Katherine Roberts Maher (; born April 18, 1983) is a former chief executive officer and executive director of the Wikimedia Foundation. 

A member of the Council on Foreign Relations, Maher worked for UNICEF, the National Democratic Institute, the World Bank and Access Now before joining the Wikimedia Foundation. She subsequently joined the Atlantic Council and currently serves on the US Department of State’s Foreign Affairs Policy Board.

Early life and education 

Maher grew up in Wilton, Connecticut and attended Wilton High School. After high school, Maher graduated from the Arabic Language Institute's Arabic Language Intensive Program of The American University in Cairo in 2003, which she recalled as a formative experience that instilled a deep love of the Middle East. Maher subsequently studied at the Institut français d’études arabes de Damas  in Syria and spent time in Lebanon and Tunisia.

In 2005, Maher received a bachelor's degree from New York University in Middle Eastern and Islamic Studies.

Maher originally intended to be an academic and work for human rights and international development organizations.

Career 

After internships at the Council on Foreign Relations and Eurasia Group, in 2005, Maher began working at HSBC in London, Germany, and Canada as part of their international manager development program.

In 2007, Maher returned to New York City where from 2007 to 2010 she worked at UNICEF as an innovation and communication officer. She worked to promote the use of technology to improve people's lives and traveled extensively to work on issues related to maternal health, HIV/AIDS prevention, and youth participation in technology. One of her first projects at UNICEF involved testing MediaWiki extensions related to accessibility in Ethiopia. Another project received USAid Development 2.0 Challenge grant funding to work on the use of mobile phones to monitor nutrition in children in Malawi.

From 2010 to 2011, Maher worked at the National Democratic Institute as an ICT Program Officer. From 2011 to 2013, Maher worked at the World Bank as an ICT innovation specialist and consulted on technology for international development and democratization, working on ICT for accountability and governance with a focus on the role of mobile phones and other technologies in facilitating civil society and institutional reform, particularly in the Middle East and Africa. She co-authored a chapter on "Making Government Mobile" of a World Bank publication titled Information and Communications for Development 2012: Maximizing Mobile. In 2012, Maher's Twitter feed on issues related to the Middle East was noted for its coverage of the Arab Spring.

From 2013 to 2014, Maher was advocacy director at the Washington, D.C.-based Access Now. As part of this work, she focused on the impact on people of laws about cyber security, morality, and defamation of the state that increase state censorship and reduce dissent. Access was a signatory of the Declaration of Internet Freedom.

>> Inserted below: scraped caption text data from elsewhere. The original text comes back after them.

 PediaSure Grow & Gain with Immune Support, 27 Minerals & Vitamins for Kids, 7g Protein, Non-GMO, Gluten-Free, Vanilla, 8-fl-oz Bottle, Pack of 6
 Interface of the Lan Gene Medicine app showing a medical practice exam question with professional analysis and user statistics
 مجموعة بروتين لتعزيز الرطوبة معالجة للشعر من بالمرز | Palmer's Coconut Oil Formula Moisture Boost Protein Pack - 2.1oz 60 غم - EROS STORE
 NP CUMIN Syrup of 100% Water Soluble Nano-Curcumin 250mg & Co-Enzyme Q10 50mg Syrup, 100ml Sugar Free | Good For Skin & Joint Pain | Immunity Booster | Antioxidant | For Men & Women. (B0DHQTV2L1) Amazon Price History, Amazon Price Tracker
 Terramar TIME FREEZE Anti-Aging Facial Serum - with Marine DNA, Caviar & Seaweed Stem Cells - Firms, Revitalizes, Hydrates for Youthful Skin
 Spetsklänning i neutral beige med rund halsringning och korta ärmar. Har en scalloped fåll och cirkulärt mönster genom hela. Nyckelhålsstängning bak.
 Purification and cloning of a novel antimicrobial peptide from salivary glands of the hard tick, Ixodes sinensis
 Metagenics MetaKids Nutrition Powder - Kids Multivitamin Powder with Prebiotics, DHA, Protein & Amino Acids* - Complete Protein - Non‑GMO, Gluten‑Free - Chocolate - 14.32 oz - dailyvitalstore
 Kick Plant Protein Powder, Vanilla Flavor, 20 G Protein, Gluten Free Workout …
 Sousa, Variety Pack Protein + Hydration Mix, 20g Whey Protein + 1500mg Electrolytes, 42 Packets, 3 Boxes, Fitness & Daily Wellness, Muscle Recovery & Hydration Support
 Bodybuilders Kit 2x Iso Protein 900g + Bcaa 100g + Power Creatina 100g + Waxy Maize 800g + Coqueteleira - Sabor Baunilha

Maher was chief communications officer of the Wikimedia Foundation from April 2014 to March 2016. She was interviewed by The Washington Post on United States copyright law.

Maher became interim executive director of the Wikimedia Foundation in March 2016 following the resignation of executive director Lila Tretikov and was appointed executive director on June 23, 2016.

In 2019, Maher became CEO of Wikimedia. She stepped down from her positions as CEO and executive director of the Wikimedia Foundation on April 15, 2021. Maryana Iskander was appointed as her successor.

Maher states that she focuses on global digital inclusion as a way to improve and protect the rights of people to information through technology. 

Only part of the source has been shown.